[EXERCISE] Make an exact copy of the records below, excluding images.

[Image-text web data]
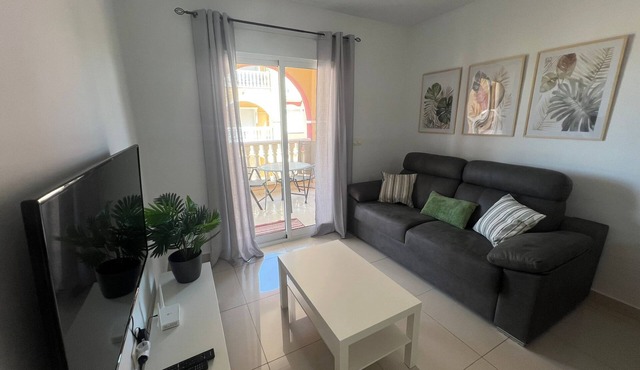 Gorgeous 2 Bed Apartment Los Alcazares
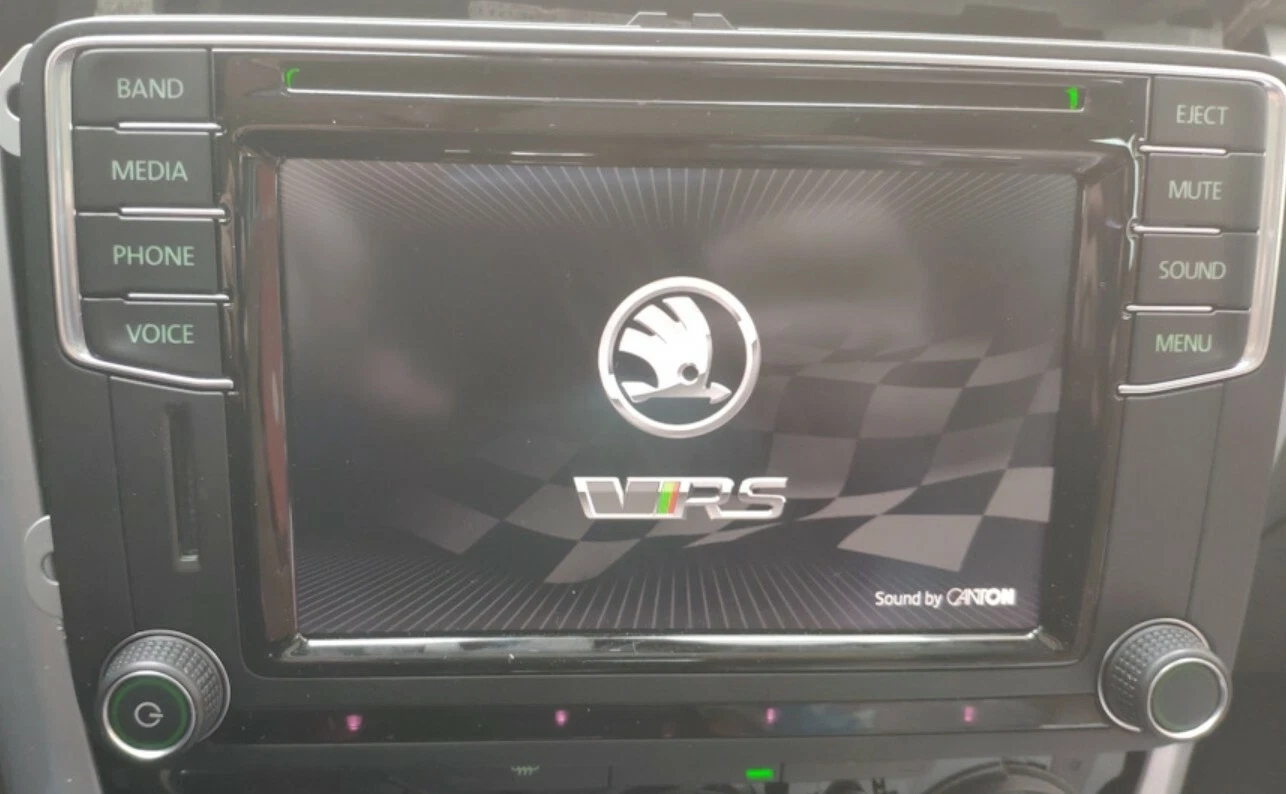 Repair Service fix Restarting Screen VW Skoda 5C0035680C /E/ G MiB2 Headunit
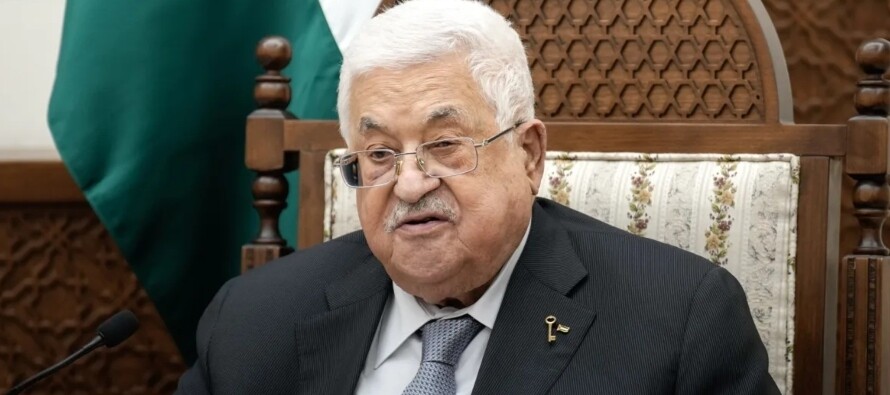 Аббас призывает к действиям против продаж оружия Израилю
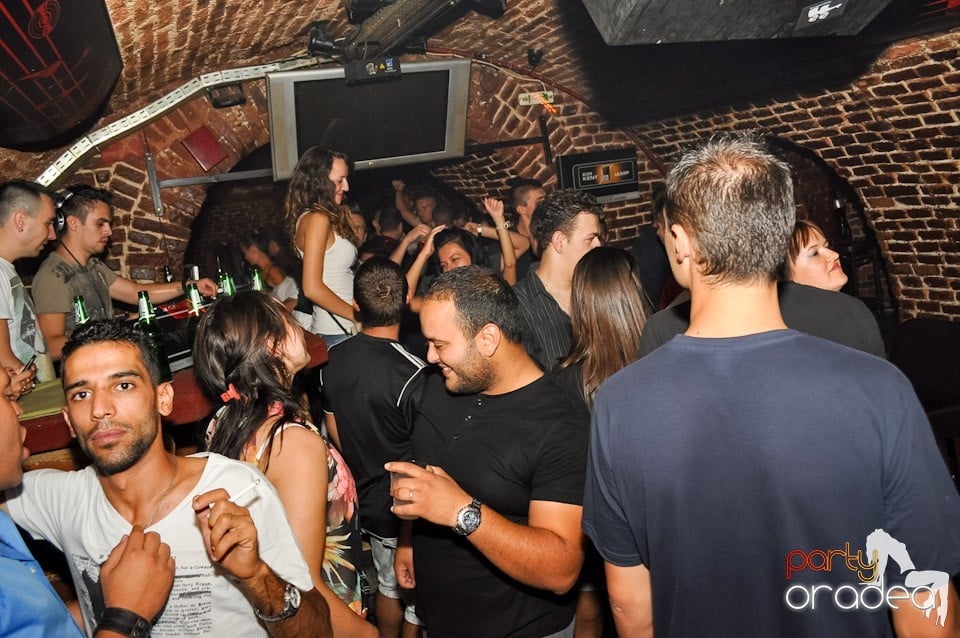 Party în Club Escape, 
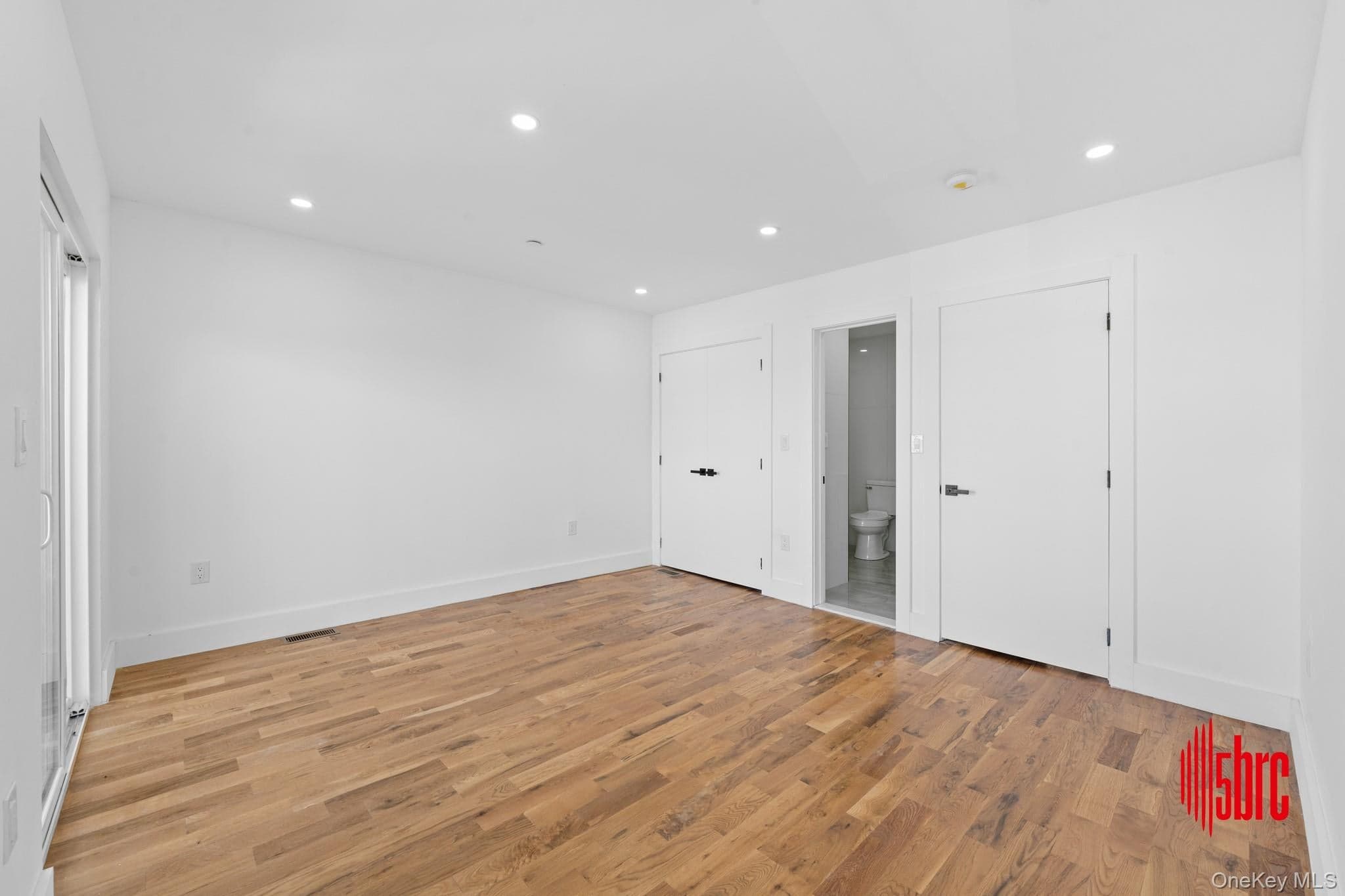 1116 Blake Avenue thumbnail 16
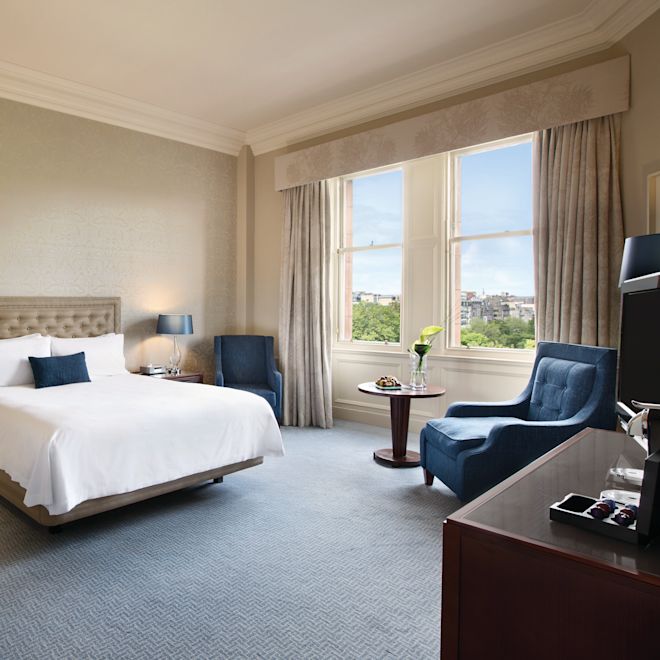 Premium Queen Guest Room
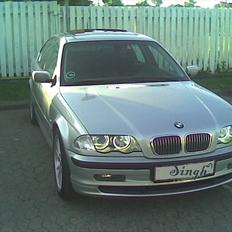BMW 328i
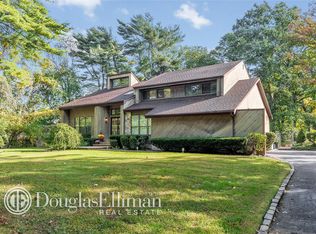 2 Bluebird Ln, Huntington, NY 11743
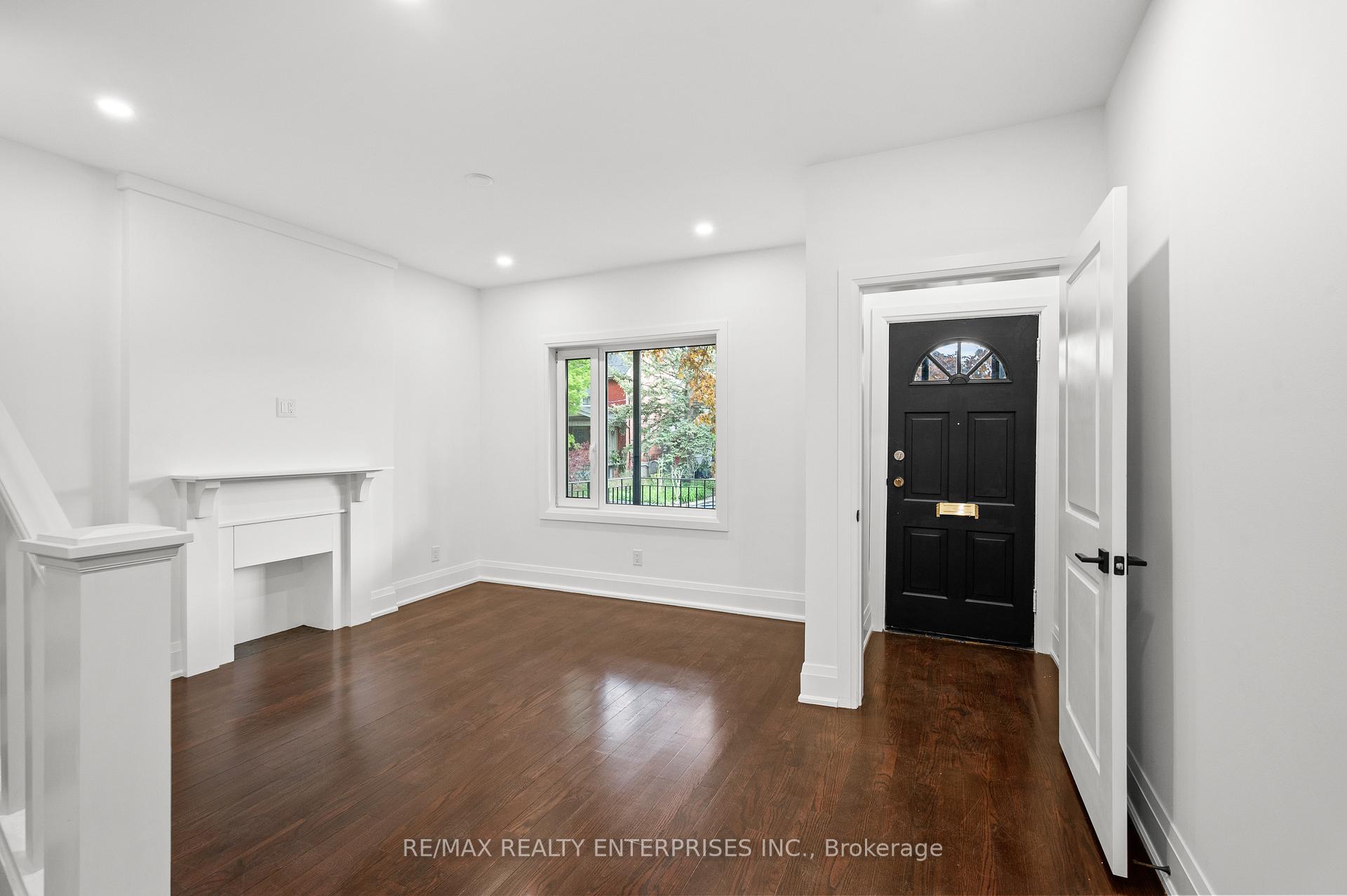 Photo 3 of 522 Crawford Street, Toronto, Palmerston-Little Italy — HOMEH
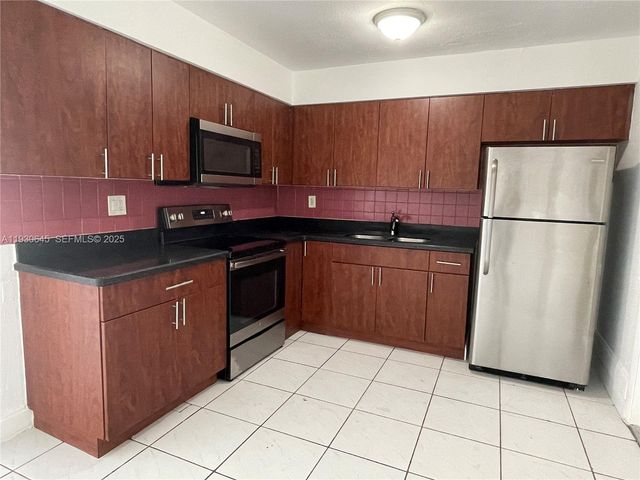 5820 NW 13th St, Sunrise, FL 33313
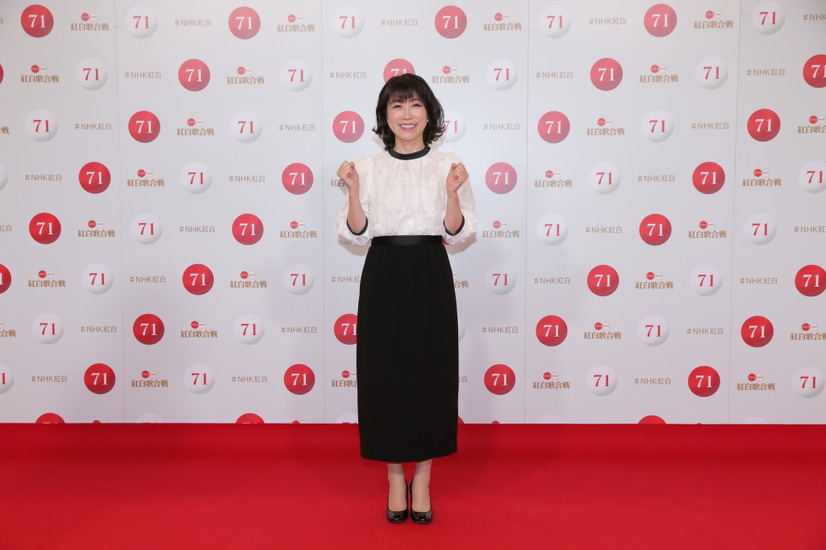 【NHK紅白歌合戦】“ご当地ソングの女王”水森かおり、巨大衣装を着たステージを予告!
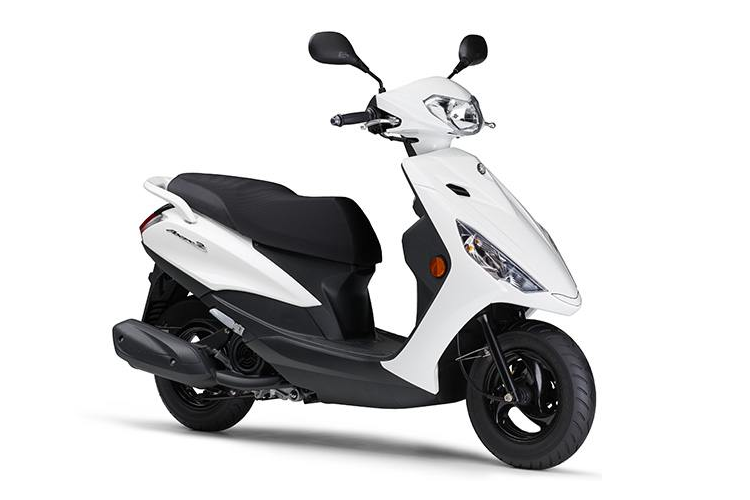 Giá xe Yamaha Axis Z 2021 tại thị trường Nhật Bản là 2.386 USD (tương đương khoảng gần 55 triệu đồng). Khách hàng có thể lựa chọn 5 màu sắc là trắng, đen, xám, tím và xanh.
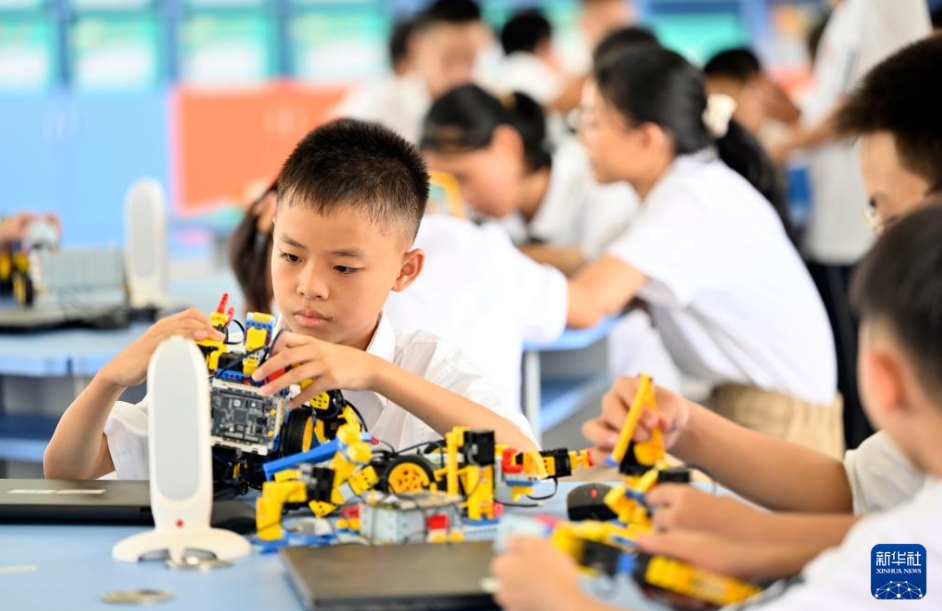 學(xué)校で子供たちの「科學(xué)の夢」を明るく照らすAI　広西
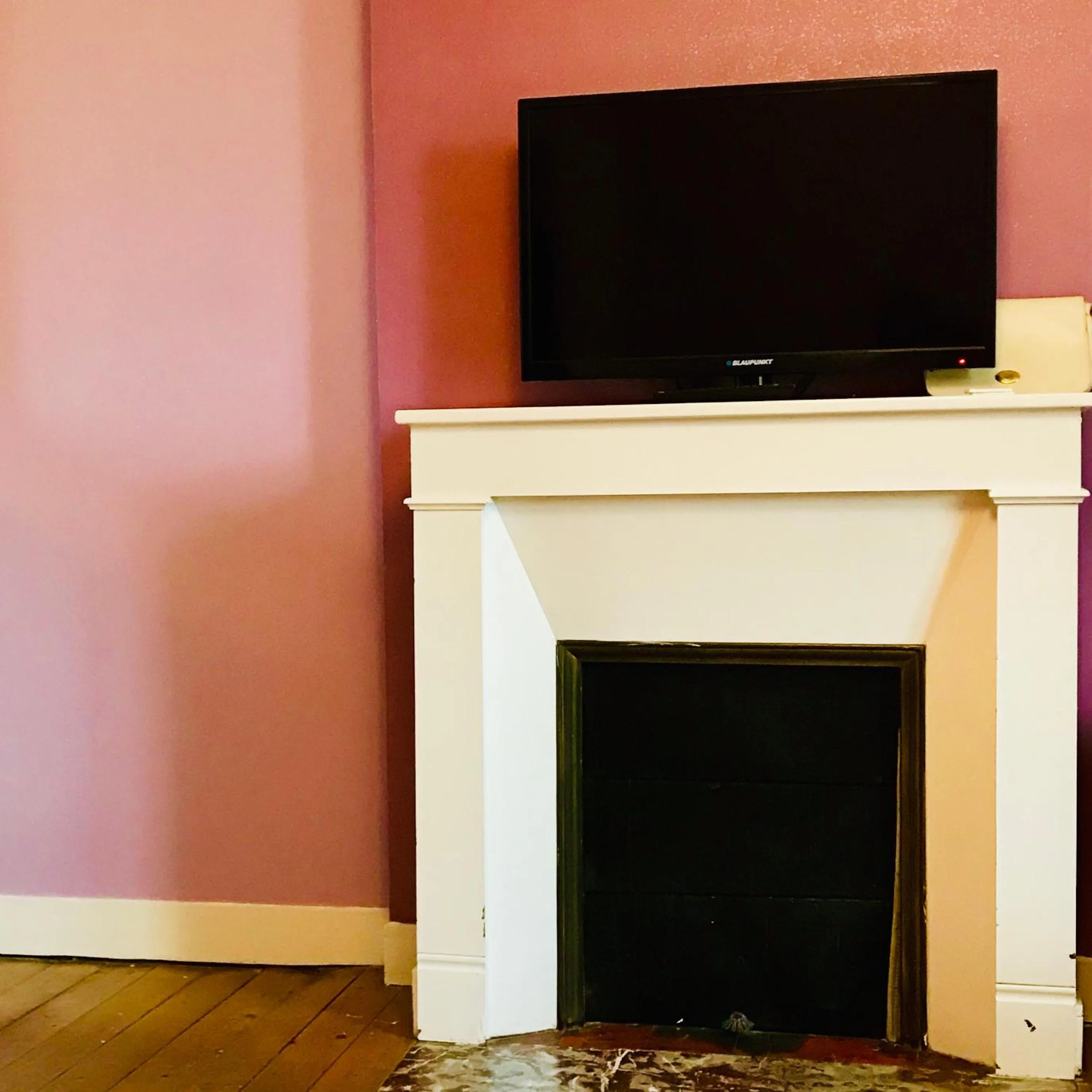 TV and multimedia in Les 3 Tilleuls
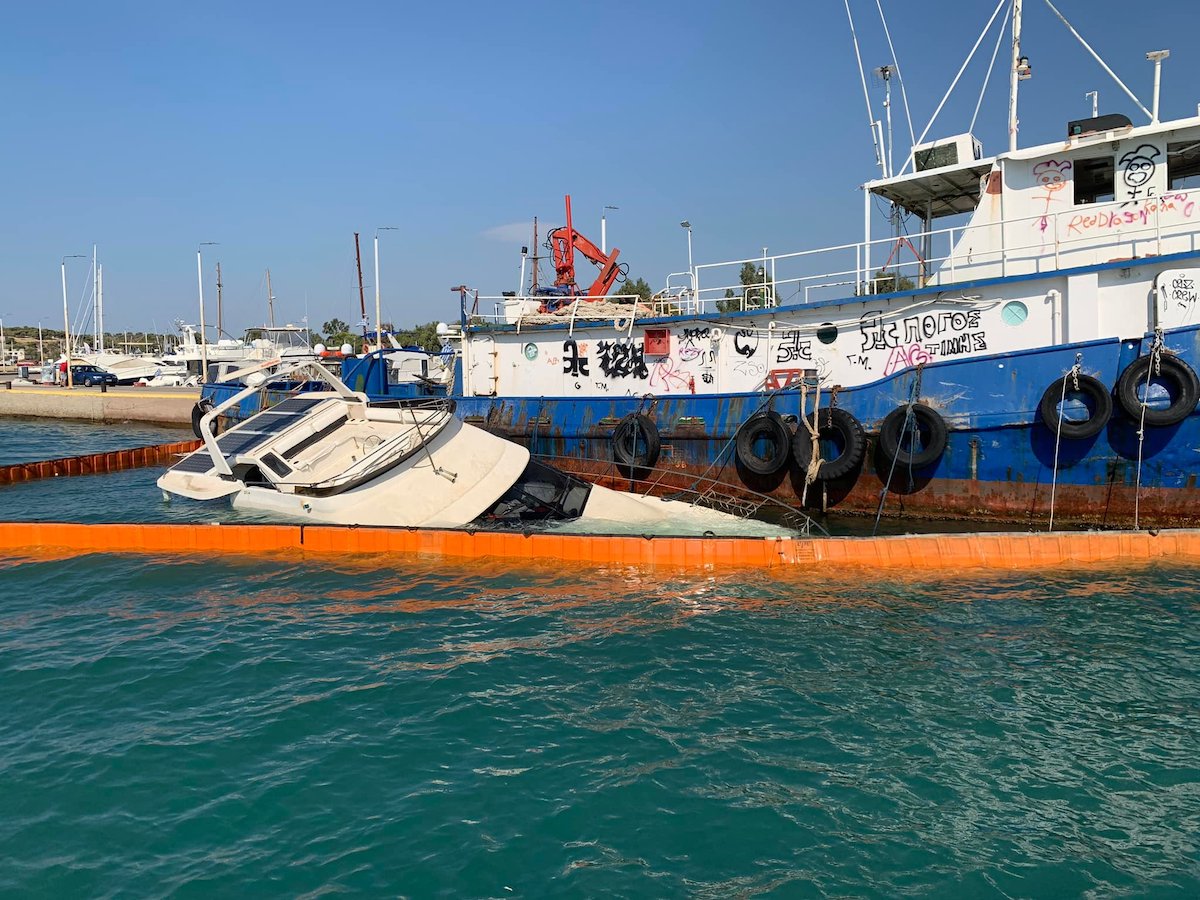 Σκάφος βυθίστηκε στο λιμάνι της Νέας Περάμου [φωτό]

[REPLY]
 Gorgeous 2 Bed Apartment Los Alcazares
 Repair Service fix Restarting Screen VW Skoda 5C0035680C /E/ G MiB2 Headunit
 Аббас призывает к действиям против продаж оружия Израилю
 Party în Club Escape, 
 1116 Blake Avenue thumbnail 16
 Premium Queen Guest Room
BMW 328i
 2 Bluebird Ln, Huntington, NY 11743
 Photo 3 of 522 Crawford Street, Toronto, Palmerston-Little Italy — HOMEH
 5820 NW 13th St, Sunrise, FL 33313
 【NHK紅白歌合戦】“ご当地ソングの女王”水森かおり、巨大衣装を着たステージを予告!
 Giá xe Yamaha Axis Z 2021 tại thị trường Nhật Bản là 2.386 USD (tương đương khoảng gần 55 triệu đồng). Khách hàng có thể lựa chọn 5 màu sắc là trắng, đen, xám, tím và xanh.
 學(xué)校で子供たちの「科學(xué)の夢」を明るく照らすAI　広西
 TV and multimedia in Les 3 Tilleuls
 Σκάφος βυθίστηκε στο λιμάνι της Νέας Περάμου [φωτό]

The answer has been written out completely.